The paper investigates information-theoretic limits for community detection with two clusters on a variety of network models using restricted ensembles and Fano's inequality. The results established in this paper yield novel bounds for the well-studied case of Stochastic Block Model, while yield the first results of their kind for the Exponential Random Graph Model, the Latent Space Model, the Directed Preferential Attachment Model, and the Directed Small-world Model, along with some dynamic models where the edge distribution not only depends on vertices but also on the edges previously generated. The paper is well-written, and the math is sound. To the best of my knowledge, this is the first paper that provides a unifying framework that yields results on a variety of network models.

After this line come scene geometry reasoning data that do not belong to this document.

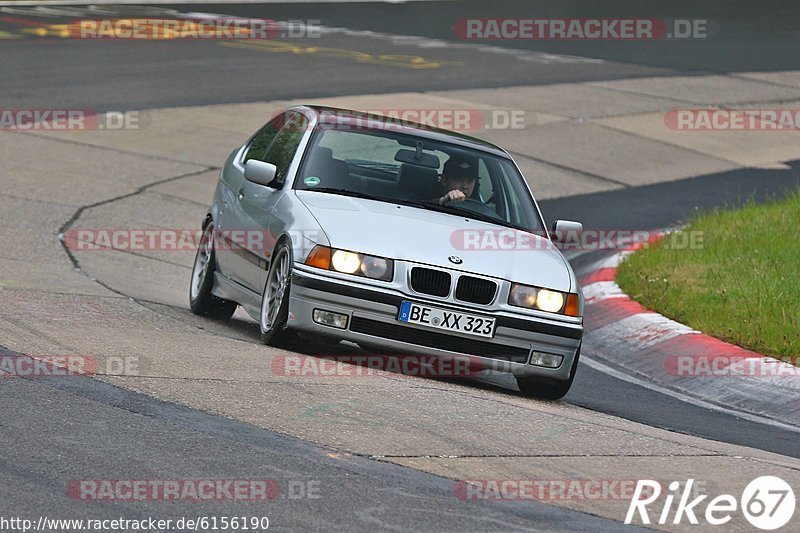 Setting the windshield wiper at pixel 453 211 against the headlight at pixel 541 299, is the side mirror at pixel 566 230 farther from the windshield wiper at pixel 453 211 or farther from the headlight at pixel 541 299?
the headlight at pixel 541 299

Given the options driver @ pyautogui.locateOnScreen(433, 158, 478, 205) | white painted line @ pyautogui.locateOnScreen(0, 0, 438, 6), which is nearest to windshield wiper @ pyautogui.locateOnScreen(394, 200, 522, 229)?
driver @ pyautogui.locateOnScreen(433, 158, 478, 205)

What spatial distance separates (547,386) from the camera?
8727mm

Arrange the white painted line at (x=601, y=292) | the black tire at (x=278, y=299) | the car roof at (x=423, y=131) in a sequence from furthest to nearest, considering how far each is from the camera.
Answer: the white painted line at (x=601, y=292)
the car roof at (x=423, y=131)
the black tire at (x=278, y=299)

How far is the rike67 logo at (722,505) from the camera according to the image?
5.84 meters

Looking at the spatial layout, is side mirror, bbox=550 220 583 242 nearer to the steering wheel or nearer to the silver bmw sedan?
the silver bmw sedan

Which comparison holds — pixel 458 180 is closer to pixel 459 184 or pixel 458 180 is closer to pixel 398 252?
pixel 459 184

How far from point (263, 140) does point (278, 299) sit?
7.64 feet

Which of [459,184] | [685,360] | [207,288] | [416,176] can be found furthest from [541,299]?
[207,288]

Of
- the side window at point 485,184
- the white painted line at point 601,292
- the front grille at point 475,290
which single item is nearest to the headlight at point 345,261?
the front grille at point 475,290

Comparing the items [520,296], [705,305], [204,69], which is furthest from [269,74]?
[520,296]

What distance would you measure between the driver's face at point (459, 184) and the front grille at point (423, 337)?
4.84 ft

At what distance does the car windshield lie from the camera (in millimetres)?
9328

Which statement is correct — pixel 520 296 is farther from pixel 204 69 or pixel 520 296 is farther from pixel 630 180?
pixel 204 69

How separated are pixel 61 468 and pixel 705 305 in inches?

This article proves information theoretic lower bounds for the community detection problem in a range of network models. For the SBM, this has been previously achieved in works of Mossel-Neeman-Sly, Coja-Oghlan, Abbe-Sandon etc. The authors of the current paper plant community structure (two randomly assigned communities) in various other models such as latent space models, preferential attachment models, small-world models etc. and prove similar information theoretic lower bounds. The proofs employ (not surprisingly) Fano's inequality in carefully restricted submodels. However, the authors only prove lower bounds, it is not clear if these are tight (it is for the SBM), and if so what (preferably polynomial time) algorithms can achieve them. There are a host of other interesting questions to ask. For example, is there an information-computation gap for larger number of communities as in the case of the SBM? I found the paper interesting and believe that it is a good contribution to the community detection literature. Here are some comments/suggestions for the authors: 1. Repetition of the sentences "we are interested in information theoretic limits. Thus, we define the Markov Chain Y* --> A --> Y. Using Fano's inequality..." before every theorem is not necessary. Say it once in the beginning perhaps. Similarly, the sentence "The use of restricted ensembles..." is repeated in page 4, line 138. 2. Page 1, line 33: "several social networks" should be "several social network models". 3. Page 3, line 98: "In a" should be "In an". 4. Page 7, line 230: "classic Small-world" should be "classic small-world phenomenon". 5. Add commas after the if clauses in the theorems (at end of the displayed equations). 6. Since your particular ERGM is essentially an SBM with different parametrization, results of Mossel-Neeman-Sly should apply. So, you should add that the corresponding lower bound is tight for this subclass. 7. Since you have more than a page left within the NIPS page limit, it would be nice if you could say something about algorithms that could be used for community extraction in these models and/or what has been done in the literature and in what parameter regimes they are successful.